Fakhruddin Ali Ahmed
Fakhruddin Ali Ahmed was an Indian lawyer and politician who served as the President of India from 1974 to 1977.
Born in Delhi, Ahmed studied in Delhi and Cambridge and was called to the bar from the Inner Temple, London in 1928. Returning to India, he practiced law in Lahore and then in Guwahati. Beginning a long association with the Indian National Congress in the 1930s, Ahmed was finance minister of Assam in the Gopinath Bordoloi ministry in 1939. He became the Advocate General of Assam in 1946, and was finance minister again from 1957 to 1966 under Bimala Prasad Chaliha. He was made a national Cabinet Minister by Prime Minister Indira Gandhi in 1966 and was in charge of various central ministries including Power, Irrigation, Industries and Agriculture.
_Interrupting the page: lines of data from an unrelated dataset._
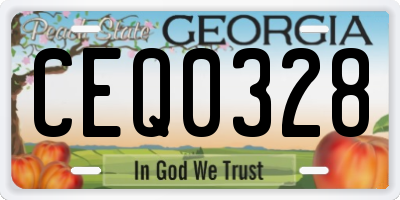 GA license plate CEQ0328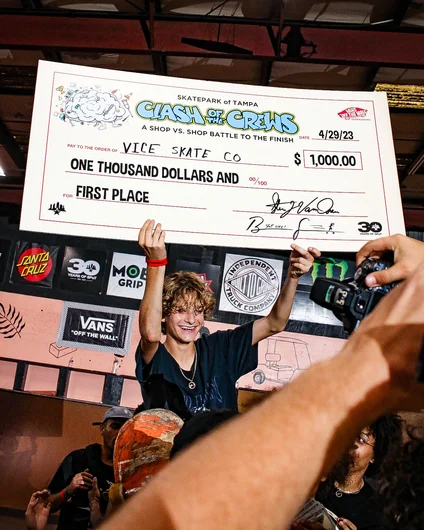 This will not be the last time you see Noah holding a big First Place check; I guarantee… Congratulations Vice Crew!

<!--clashofthecrews23finals-->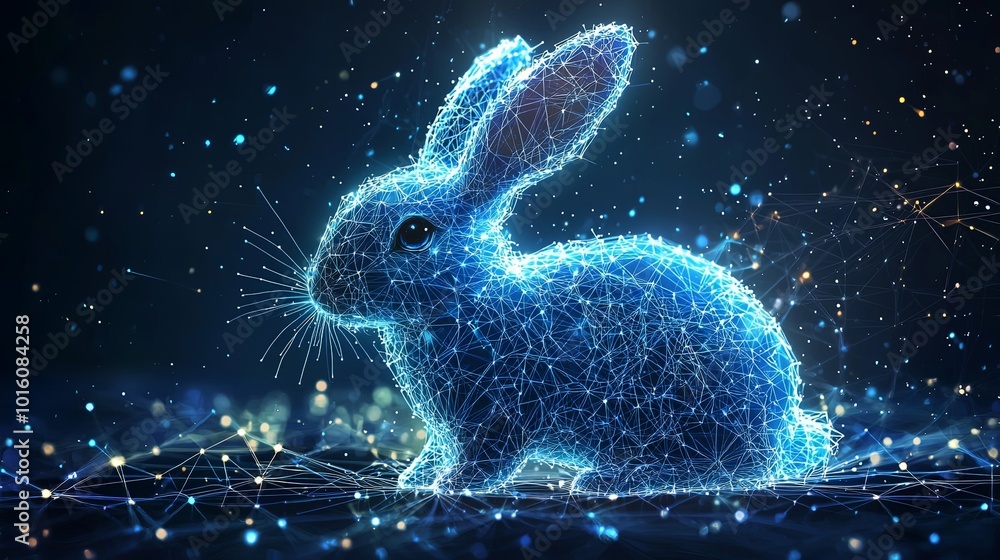 A rabbit constructed from neon lines illuminates the night, merging art and technology against a galaxy-inspired background, embodying a cosmic digital era. A rabbit constructed from neon lines illuminates the night, merging art and technology against a galaxy-inspired background, embodying a cosmic digital era.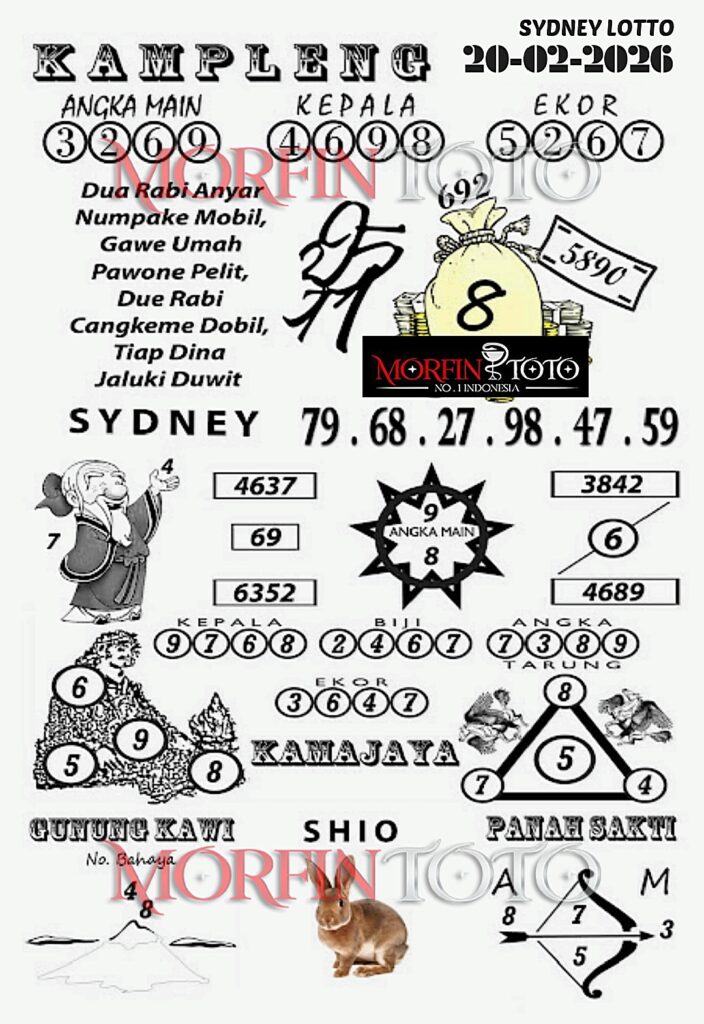 SYAIR TOGEL KAMPLENG SYDNEY LOTTO 20 FEBRUARI 2026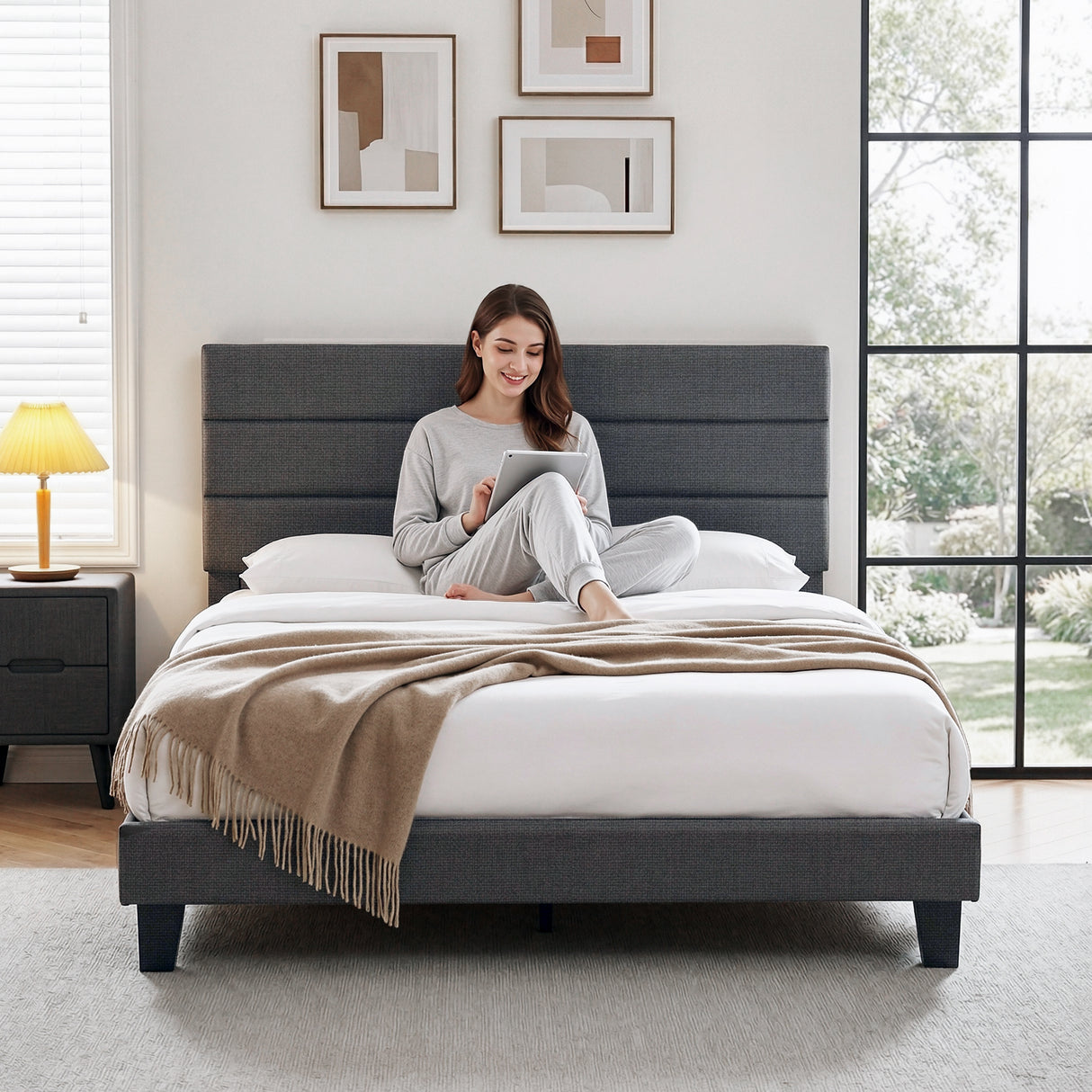 Volterra Double Bed Frame, Charcoal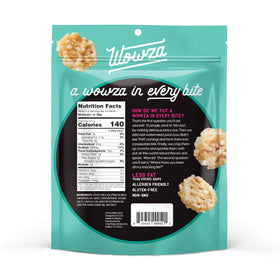Wowza Sea Salt Rice Crisps close-up highlights crisp texture for on-the-go snacking.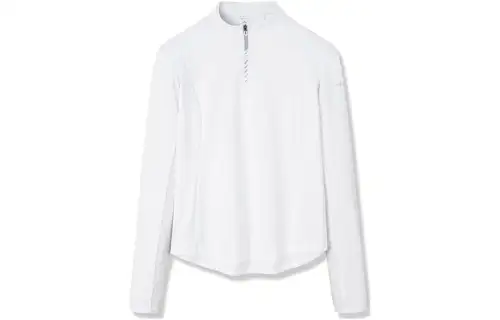 ANTA T Shirts Women's White Stand Collar Moderate Straight Fit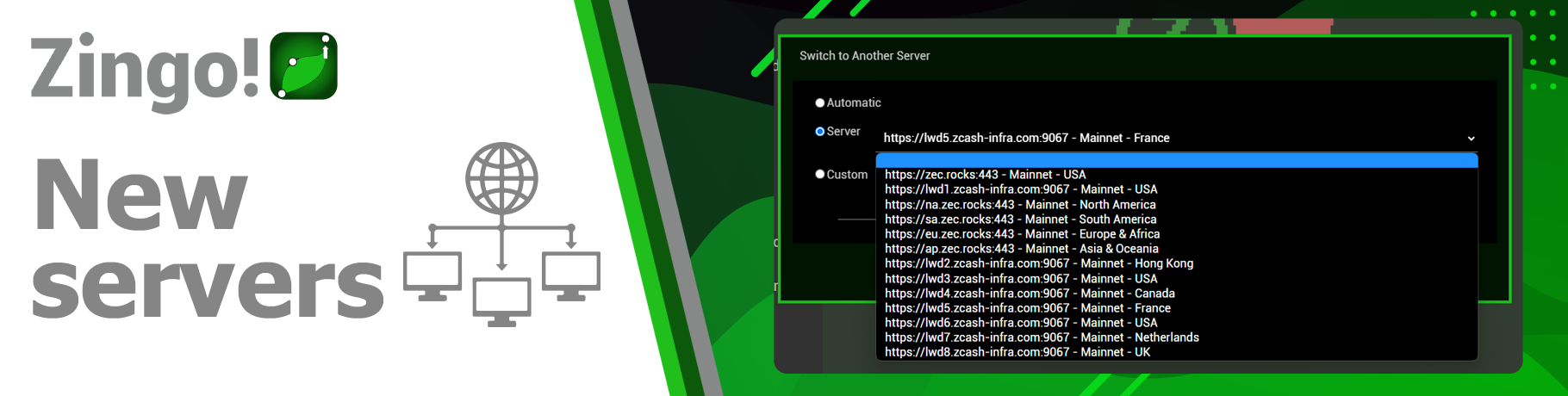 šTap on Wallet > Server info > Switch to Another Server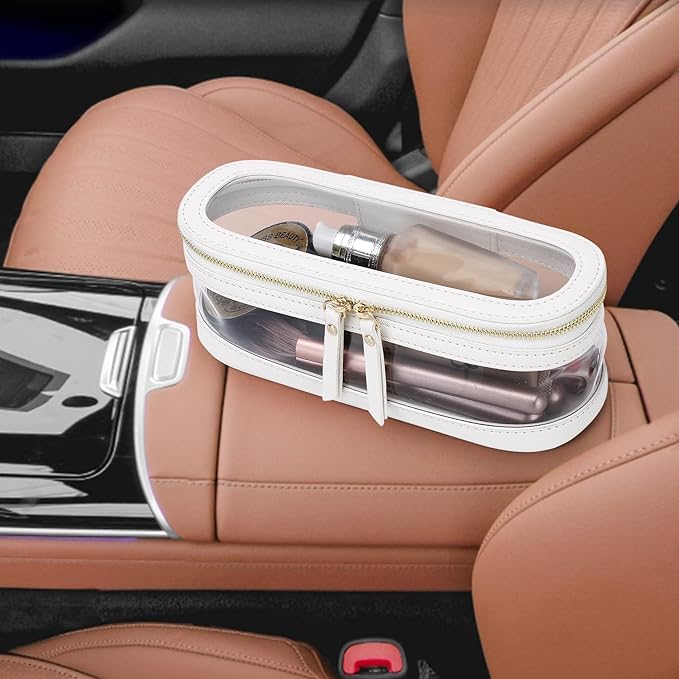 Pinkmik Makeup Brush Case Clear Travel Cosmetic & Toiletry Bag Slim Makeup Bag with Zipper Small Purse Organizer Car Essential Bag for Women (White, SLIM-2)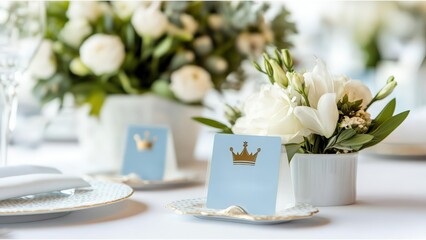 Blue Place Card with Gold Crown for Boy Baby Shower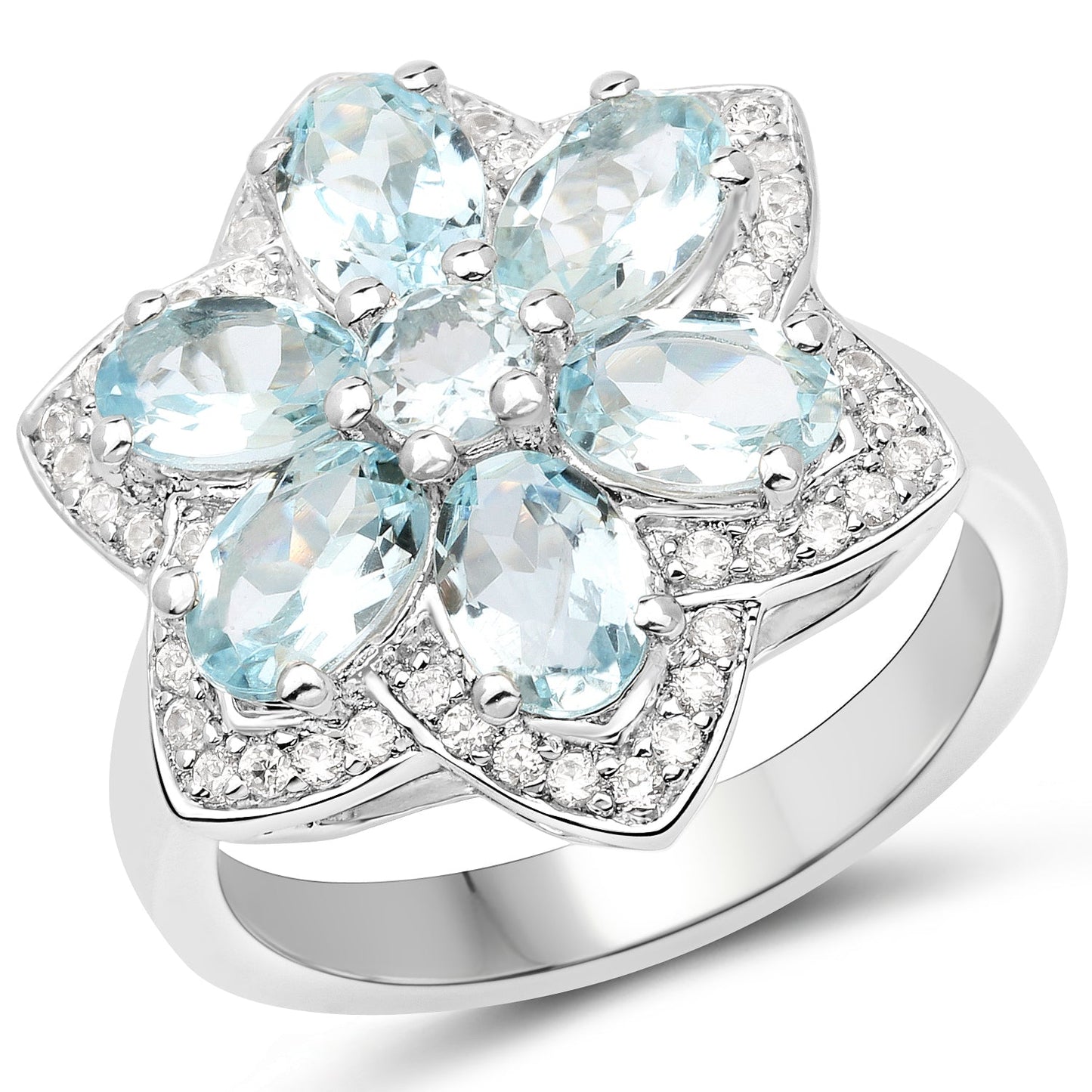 2.88 Carat Genuine Aquamarine .925 Sterling Silver Ring Bids.com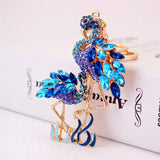 Cartoon Flamingo Keychain Metal Pendant Rhinestone Bag Pendant Jewelry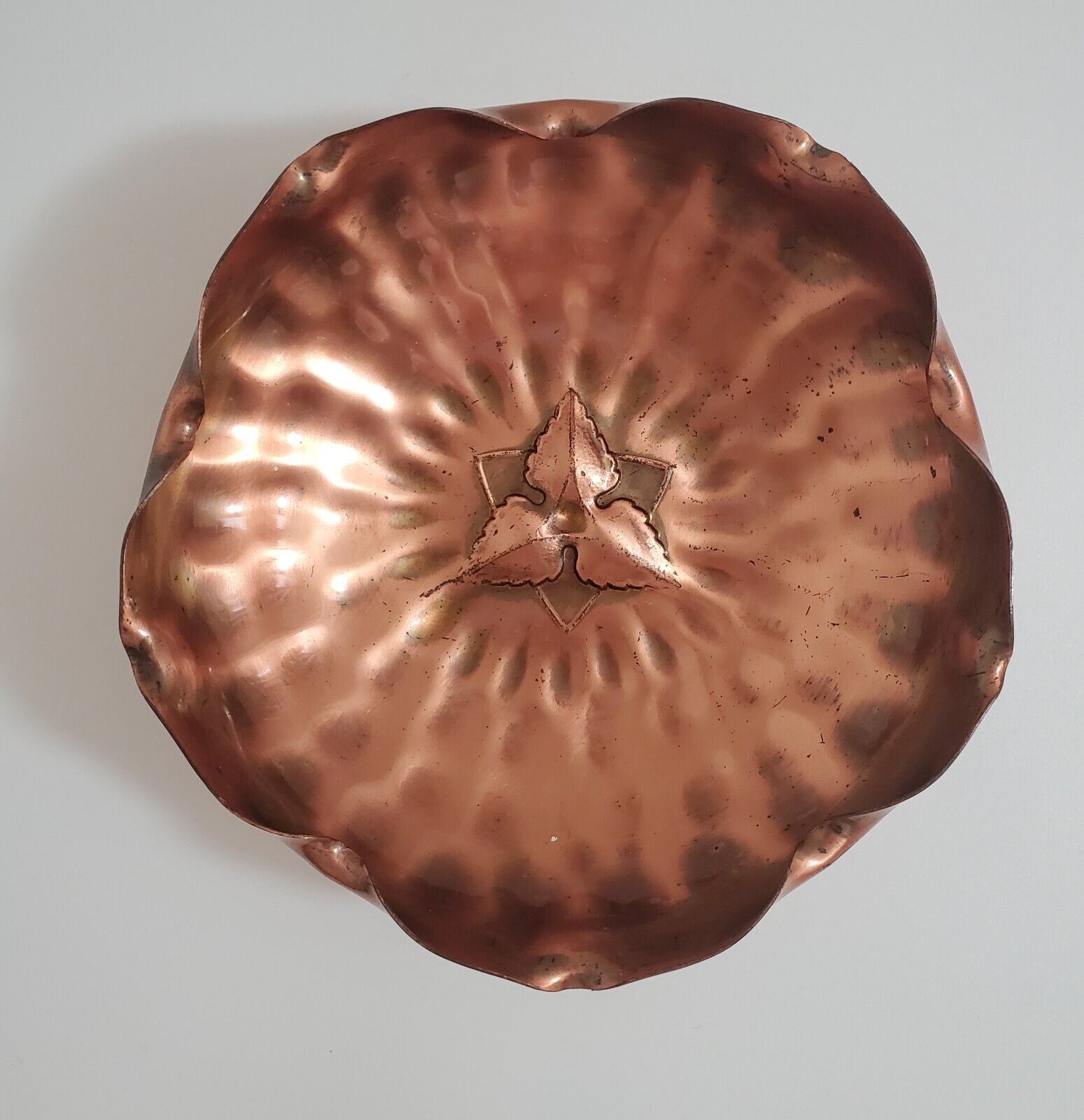 Vintage Gregorian Copper Hand Hammered Bowl Trefoil Design #313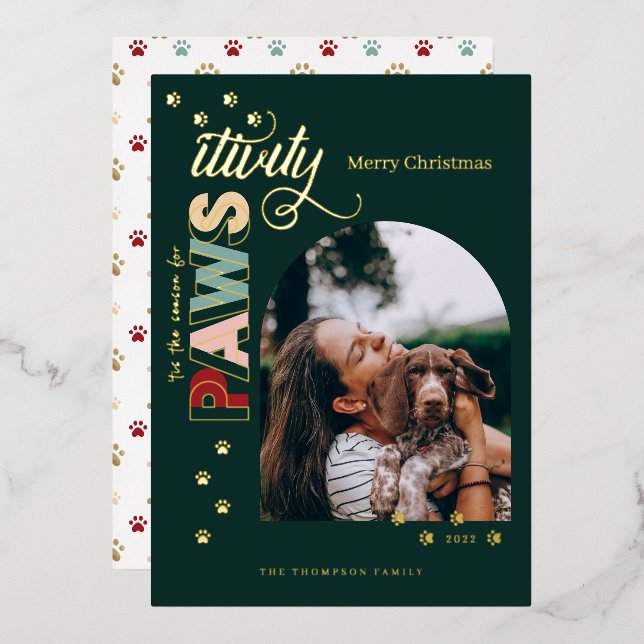 Season For Pawsitivity Fun Red Pet Dog Photo Green Foil Holiday Card (Front/Back)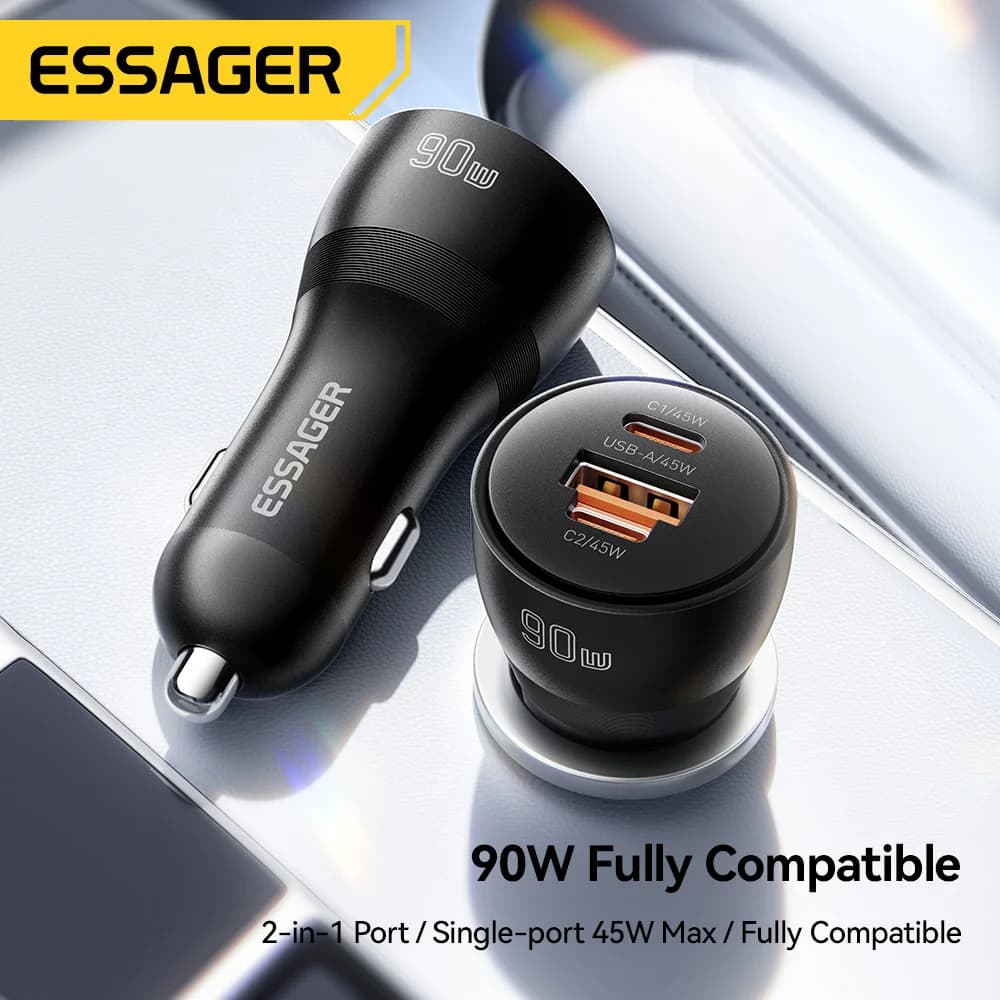 Carregador de Carro USB Type-C PD Rápido 90W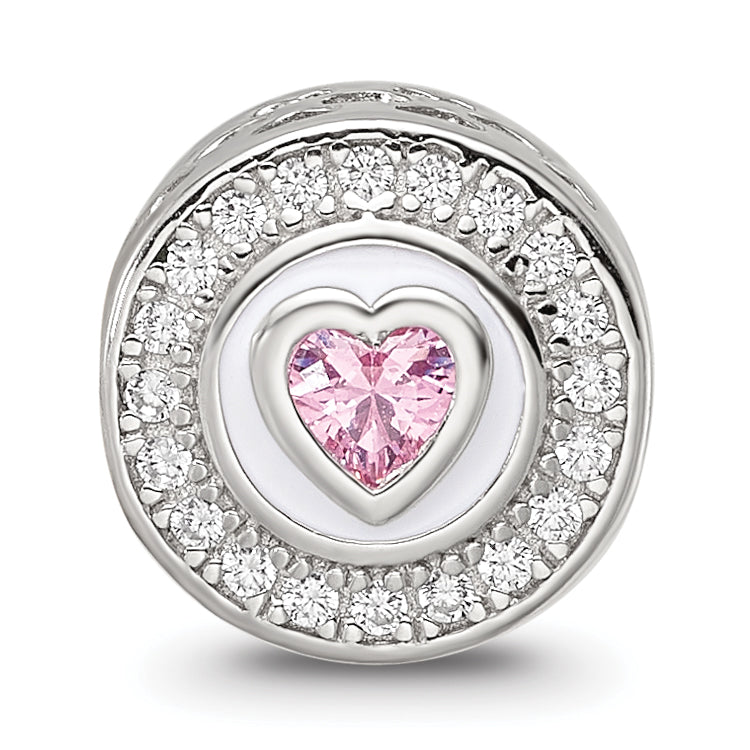 Sterling Silver Reflections Rhodium-plated Enamel CZ Round Heart Bead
He was elected President of India in 1974, securing a greater confidence than his contestant Tridib Chaudhuri.
As President, Ahmed imposed The Emergency in August 1975 and gave his assent to numerous ordinances and constitutional amendments drafted by Indira Gandhi to rule by decree. Lampooned in an iconic cartoon by Abu Abraham, Ahmed's reputation was tarnished by his support for the Emergency. His Presidency had been described as a rubber stamp.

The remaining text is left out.